=== Section Start ===

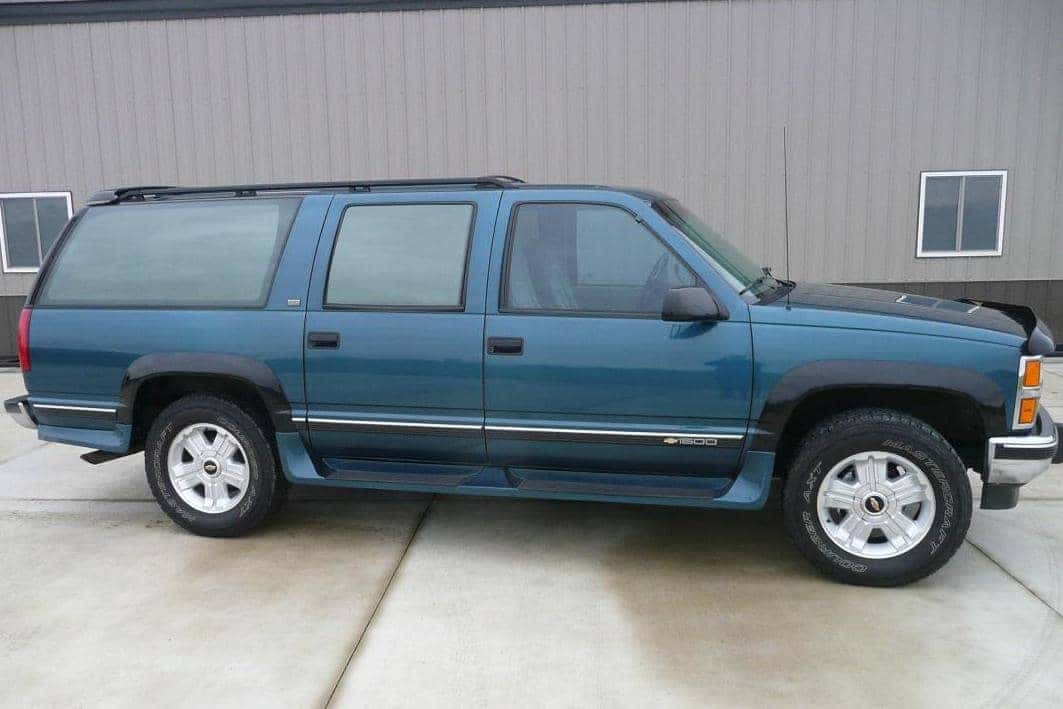 1993 Chevrolet Suburban sold for $9,100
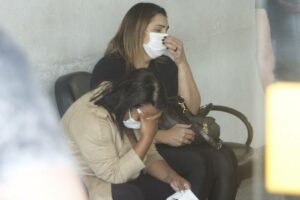 Mãe de MC Kevin vai ao IML para liberar corpo do filho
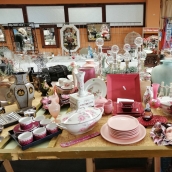 Photo 1 - Bric à Brac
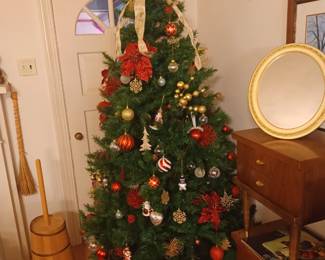 Churn and fully decorated Christmas tree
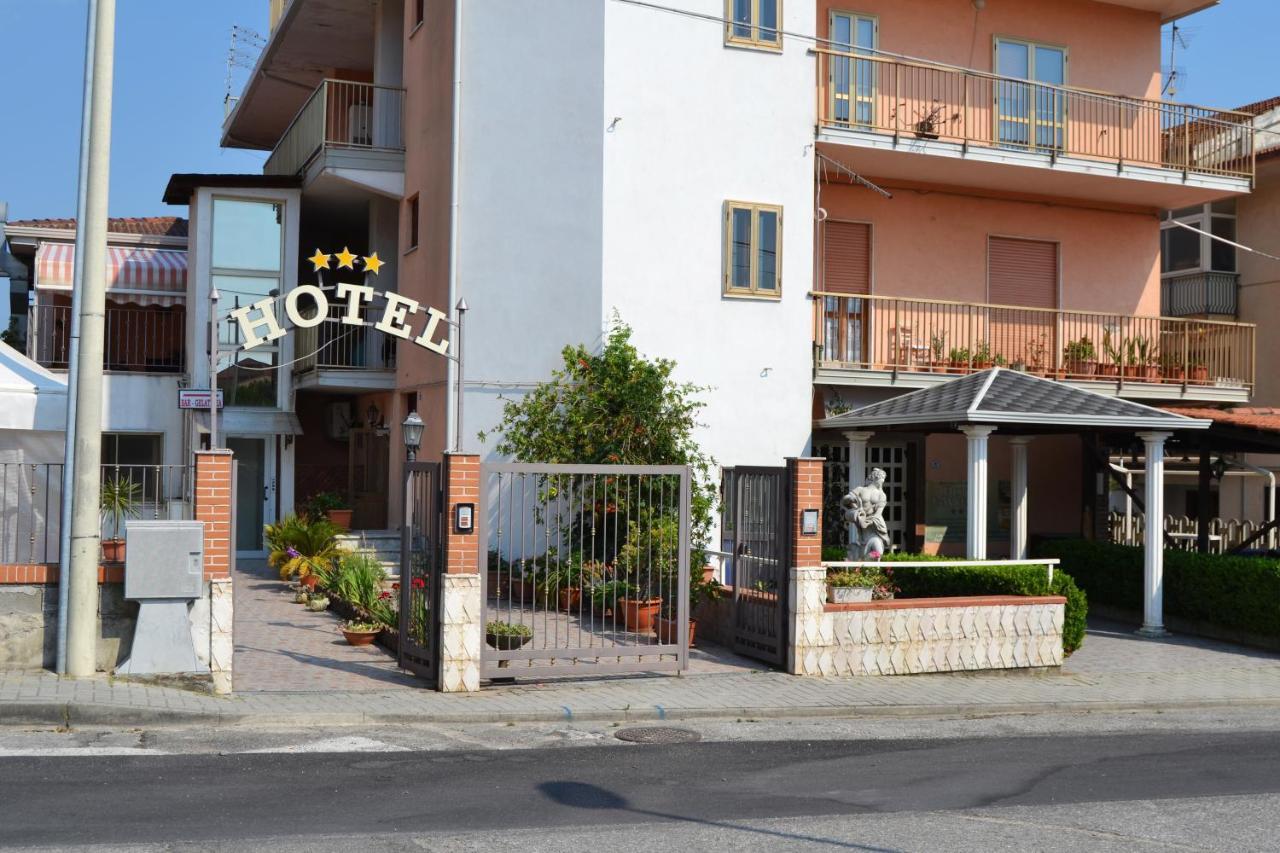 Hotel Ristorante L'Avvenire Gizzeria Bagian luar foto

=== Section End ===

◆ PROBLEM REQUIREMENTS
From the first line to the last, copy the records above exactly and drop any pictures.

◆ TASK RESPONSE
 1993 Chevrolet Suburban sold for $9,100
 Mãe de MC Kevin vai ao IML para liberar corpo do filho
 Photo 1 - Bric à Brac
 Churn and fully decorated Christmas tree
 Hotel Ristorante L'Avvenire Gizzeria Bagian luar foto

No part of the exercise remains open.